Use Past Association (aka The Dregs)

I have a red coffee mug that I absolutely adore. I had seen it at Starbucks two years ago and completely fell for it's chunky irregular lines, perfectly curved handle, and muted cherry red color. But I just couldn't justify paying full price for it. Tyson surprised me by buying it for me for Valentine's Day (not a holiday we would usually buy gifts for). It was such a small gesture, but one that I quite appreciated, especially since I usually let him use my theretofore favorite coffee mug.

When we met and started dating, after having corresponded for several weeks online, he told me at one point that the only disappointment he had when we we were getting to know each other was that I didn't drink coffee as much as he did. At that point, although I loved coffee, it gave me a headache so I limited my consumption. When I started teaching kids and pre-teens in August '09, coffee became an imperative. To survive their energy I had to step up my game. So I'd often drink coffee in the morning and then again in the afternoon to steel myself before classes. And I haven't stopped.

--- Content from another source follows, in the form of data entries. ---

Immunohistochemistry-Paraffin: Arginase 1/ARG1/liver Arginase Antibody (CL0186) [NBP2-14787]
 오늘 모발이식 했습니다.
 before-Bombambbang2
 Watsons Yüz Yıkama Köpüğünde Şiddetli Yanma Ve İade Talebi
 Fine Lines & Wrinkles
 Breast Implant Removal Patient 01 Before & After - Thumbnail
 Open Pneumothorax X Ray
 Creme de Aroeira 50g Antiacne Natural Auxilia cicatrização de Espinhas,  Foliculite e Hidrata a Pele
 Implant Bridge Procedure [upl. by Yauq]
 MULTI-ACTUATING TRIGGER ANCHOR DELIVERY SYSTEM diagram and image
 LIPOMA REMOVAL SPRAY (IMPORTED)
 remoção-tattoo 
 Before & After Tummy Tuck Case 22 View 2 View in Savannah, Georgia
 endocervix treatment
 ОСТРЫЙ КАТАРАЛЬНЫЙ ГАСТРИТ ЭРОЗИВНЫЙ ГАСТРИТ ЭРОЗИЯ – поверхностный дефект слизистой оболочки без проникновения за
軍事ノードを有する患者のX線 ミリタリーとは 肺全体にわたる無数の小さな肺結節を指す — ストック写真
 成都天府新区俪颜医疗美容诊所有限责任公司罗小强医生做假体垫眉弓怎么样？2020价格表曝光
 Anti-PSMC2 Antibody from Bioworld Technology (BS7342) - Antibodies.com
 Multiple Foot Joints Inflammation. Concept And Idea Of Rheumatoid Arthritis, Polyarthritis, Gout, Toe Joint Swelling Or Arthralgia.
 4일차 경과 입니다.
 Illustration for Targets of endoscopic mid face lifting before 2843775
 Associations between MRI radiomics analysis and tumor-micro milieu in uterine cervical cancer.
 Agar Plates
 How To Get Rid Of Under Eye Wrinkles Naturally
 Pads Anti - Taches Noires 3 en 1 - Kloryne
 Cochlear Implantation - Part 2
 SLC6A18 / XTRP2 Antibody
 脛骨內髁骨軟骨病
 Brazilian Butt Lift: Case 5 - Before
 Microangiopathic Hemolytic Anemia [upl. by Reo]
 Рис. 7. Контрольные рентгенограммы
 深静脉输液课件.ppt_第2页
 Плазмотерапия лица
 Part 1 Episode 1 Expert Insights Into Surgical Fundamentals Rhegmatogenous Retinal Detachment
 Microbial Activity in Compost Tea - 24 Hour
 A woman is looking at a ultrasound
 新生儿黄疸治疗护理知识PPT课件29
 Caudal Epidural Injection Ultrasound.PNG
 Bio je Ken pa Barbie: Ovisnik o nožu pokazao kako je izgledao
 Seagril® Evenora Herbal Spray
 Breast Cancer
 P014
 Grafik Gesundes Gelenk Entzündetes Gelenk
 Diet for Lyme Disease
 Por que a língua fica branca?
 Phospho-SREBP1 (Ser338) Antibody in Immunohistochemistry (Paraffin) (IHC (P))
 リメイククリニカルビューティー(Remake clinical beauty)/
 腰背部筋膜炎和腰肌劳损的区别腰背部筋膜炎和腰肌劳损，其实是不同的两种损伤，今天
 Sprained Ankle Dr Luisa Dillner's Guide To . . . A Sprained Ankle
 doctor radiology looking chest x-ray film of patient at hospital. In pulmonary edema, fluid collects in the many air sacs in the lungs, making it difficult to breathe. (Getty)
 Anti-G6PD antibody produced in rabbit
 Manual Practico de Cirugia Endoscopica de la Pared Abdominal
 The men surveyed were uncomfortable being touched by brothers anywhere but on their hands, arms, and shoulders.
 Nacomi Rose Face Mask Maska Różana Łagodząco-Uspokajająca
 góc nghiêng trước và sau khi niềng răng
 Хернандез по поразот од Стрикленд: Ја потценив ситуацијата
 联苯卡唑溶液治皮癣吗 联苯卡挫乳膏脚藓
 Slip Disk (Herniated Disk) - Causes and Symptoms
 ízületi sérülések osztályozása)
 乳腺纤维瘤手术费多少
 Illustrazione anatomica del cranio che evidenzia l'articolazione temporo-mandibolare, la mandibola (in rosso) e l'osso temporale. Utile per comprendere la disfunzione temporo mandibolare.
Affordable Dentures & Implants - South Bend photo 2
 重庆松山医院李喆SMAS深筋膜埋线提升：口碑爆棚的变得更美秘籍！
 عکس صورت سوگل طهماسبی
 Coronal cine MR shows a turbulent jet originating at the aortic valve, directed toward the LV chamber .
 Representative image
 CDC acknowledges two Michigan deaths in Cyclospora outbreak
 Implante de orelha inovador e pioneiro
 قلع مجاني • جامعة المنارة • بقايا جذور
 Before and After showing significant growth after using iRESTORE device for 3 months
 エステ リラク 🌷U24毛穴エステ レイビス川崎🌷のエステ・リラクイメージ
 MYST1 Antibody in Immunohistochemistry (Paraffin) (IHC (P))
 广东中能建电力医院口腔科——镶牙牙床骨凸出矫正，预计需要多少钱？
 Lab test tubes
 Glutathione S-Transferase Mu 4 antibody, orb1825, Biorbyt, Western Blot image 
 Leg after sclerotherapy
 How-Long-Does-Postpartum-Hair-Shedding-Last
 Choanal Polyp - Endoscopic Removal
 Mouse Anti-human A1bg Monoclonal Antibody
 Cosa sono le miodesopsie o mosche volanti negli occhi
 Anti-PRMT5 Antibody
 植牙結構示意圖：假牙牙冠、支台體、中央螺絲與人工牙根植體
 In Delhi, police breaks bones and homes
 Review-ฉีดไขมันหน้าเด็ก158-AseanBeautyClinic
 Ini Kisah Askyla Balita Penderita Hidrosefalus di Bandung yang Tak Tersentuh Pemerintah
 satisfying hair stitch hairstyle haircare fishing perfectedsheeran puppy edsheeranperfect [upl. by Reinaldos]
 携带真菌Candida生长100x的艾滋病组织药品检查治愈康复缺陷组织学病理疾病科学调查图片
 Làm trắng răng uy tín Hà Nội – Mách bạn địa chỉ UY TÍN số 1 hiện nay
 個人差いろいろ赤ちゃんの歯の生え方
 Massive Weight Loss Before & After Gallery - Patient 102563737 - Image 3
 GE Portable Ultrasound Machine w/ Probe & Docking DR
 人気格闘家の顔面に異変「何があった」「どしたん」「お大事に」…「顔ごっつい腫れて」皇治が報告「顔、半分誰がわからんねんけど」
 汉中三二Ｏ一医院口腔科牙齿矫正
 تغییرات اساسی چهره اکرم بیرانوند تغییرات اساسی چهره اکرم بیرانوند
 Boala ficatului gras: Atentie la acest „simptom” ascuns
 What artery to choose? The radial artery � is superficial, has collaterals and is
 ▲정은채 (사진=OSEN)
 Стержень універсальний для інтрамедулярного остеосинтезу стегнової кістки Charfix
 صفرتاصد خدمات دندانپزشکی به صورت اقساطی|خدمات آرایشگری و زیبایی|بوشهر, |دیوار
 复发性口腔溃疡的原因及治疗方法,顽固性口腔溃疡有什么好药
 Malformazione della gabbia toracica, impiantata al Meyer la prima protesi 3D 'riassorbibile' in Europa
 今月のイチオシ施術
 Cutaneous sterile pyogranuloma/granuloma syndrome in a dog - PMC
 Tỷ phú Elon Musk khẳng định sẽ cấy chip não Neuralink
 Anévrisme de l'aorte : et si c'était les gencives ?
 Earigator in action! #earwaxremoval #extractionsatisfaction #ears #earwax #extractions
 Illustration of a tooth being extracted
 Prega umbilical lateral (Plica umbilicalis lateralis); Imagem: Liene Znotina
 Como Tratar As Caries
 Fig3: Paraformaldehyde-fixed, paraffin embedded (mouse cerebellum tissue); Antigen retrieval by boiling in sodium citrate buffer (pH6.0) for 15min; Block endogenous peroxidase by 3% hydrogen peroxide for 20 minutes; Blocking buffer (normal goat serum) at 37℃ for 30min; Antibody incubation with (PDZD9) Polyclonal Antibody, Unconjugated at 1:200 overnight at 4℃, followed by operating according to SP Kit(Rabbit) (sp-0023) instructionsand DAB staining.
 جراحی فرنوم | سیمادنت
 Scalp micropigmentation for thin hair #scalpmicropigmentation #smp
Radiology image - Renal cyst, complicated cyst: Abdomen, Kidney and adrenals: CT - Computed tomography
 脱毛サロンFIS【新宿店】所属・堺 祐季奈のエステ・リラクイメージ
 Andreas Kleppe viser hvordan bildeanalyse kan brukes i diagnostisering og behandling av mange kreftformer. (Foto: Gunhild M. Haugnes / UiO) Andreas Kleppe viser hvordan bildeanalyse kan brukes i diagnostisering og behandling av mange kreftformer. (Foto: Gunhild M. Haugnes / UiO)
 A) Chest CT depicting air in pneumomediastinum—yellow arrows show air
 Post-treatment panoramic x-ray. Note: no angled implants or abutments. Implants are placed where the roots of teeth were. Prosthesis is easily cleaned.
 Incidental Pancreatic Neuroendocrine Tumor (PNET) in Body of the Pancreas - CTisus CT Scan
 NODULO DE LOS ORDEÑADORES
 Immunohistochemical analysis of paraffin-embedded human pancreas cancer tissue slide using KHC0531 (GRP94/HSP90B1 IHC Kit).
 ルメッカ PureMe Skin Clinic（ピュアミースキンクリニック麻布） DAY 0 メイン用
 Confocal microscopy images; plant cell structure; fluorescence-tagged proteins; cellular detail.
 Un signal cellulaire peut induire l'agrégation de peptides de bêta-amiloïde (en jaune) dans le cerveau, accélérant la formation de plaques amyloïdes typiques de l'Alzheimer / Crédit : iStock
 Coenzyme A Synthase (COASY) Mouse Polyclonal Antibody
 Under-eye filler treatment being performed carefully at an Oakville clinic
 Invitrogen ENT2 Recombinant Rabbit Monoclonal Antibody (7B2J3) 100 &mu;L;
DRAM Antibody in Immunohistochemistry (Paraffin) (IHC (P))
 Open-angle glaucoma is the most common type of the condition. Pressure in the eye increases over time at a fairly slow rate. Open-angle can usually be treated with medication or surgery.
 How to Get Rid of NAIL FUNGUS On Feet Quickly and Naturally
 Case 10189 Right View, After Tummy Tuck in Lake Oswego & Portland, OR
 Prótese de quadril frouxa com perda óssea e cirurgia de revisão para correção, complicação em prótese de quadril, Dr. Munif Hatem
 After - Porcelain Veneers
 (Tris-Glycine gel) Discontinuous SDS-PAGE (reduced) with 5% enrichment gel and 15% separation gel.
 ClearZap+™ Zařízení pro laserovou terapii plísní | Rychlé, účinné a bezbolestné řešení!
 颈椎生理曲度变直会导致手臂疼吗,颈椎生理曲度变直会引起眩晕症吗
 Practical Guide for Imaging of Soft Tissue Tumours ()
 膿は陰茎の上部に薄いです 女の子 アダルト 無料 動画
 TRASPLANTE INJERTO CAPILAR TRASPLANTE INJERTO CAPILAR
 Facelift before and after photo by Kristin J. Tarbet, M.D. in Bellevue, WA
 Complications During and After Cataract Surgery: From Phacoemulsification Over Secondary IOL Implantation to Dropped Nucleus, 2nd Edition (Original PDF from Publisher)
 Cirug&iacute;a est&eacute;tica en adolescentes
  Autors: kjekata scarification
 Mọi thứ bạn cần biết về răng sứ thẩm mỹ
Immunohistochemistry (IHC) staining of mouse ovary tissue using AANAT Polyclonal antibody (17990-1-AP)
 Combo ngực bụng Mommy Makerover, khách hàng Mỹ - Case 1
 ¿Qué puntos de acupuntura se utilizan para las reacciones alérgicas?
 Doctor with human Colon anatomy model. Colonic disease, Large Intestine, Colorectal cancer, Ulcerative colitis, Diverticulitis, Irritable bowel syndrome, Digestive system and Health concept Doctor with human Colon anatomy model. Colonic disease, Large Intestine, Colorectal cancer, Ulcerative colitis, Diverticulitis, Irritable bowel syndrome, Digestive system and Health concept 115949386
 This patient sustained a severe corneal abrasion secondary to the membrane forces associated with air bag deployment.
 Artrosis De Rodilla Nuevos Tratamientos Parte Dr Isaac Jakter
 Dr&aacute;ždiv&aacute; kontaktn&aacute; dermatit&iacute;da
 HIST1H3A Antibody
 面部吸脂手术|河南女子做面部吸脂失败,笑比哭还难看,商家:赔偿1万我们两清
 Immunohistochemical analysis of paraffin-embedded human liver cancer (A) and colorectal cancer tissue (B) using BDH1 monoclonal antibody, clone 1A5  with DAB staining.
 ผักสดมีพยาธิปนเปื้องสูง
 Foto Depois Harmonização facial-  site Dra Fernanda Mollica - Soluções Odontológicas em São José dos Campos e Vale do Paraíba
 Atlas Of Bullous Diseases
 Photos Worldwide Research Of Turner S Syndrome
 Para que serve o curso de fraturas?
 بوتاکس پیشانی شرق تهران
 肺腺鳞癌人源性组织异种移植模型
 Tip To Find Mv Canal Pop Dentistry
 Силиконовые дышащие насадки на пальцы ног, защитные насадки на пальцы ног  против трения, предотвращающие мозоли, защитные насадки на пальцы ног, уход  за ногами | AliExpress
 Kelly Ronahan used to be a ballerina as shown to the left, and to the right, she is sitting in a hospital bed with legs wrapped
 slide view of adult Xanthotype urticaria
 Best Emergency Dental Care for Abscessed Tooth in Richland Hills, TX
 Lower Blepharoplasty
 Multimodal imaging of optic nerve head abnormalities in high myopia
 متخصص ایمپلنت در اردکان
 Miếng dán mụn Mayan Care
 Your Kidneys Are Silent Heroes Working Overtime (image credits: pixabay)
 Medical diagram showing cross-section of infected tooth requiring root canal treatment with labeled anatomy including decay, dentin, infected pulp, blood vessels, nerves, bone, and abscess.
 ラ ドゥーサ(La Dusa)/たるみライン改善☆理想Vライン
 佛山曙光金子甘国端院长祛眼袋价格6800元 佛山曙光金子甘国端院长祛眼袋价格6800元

The thing is, though, I drink from this red mug and I can't pour my coffee into it without thinking of Tyson. Last night for a brief moment I had a fantasy of smashing it to bits. Going out into the street with a sledgehammer and turning it to a fine red dust (like I have a sledgehammer). But the thing is, I really like it, and I hope that someday I'll be able to pick it up and not see his gift and his coffee love inside it. This has happened before. I bought the same kind of boots that a guy I'd dated had worn once, and I stopped associating him with them. In high school, I wore the same cologne as my first love, and eventually it became my scent rather than his. (It took me years to find a woman's perfume that didn't completely disgust me, I only wore men's in high school.) So I know that it's possible to use this mug past the point of association. It's the interim that drives me crazy, especially now that I use it everyday.

It makes me want to call him, in spite of everything, and say "Your biggest disappointment? Well, now I drink coffee just as much as you."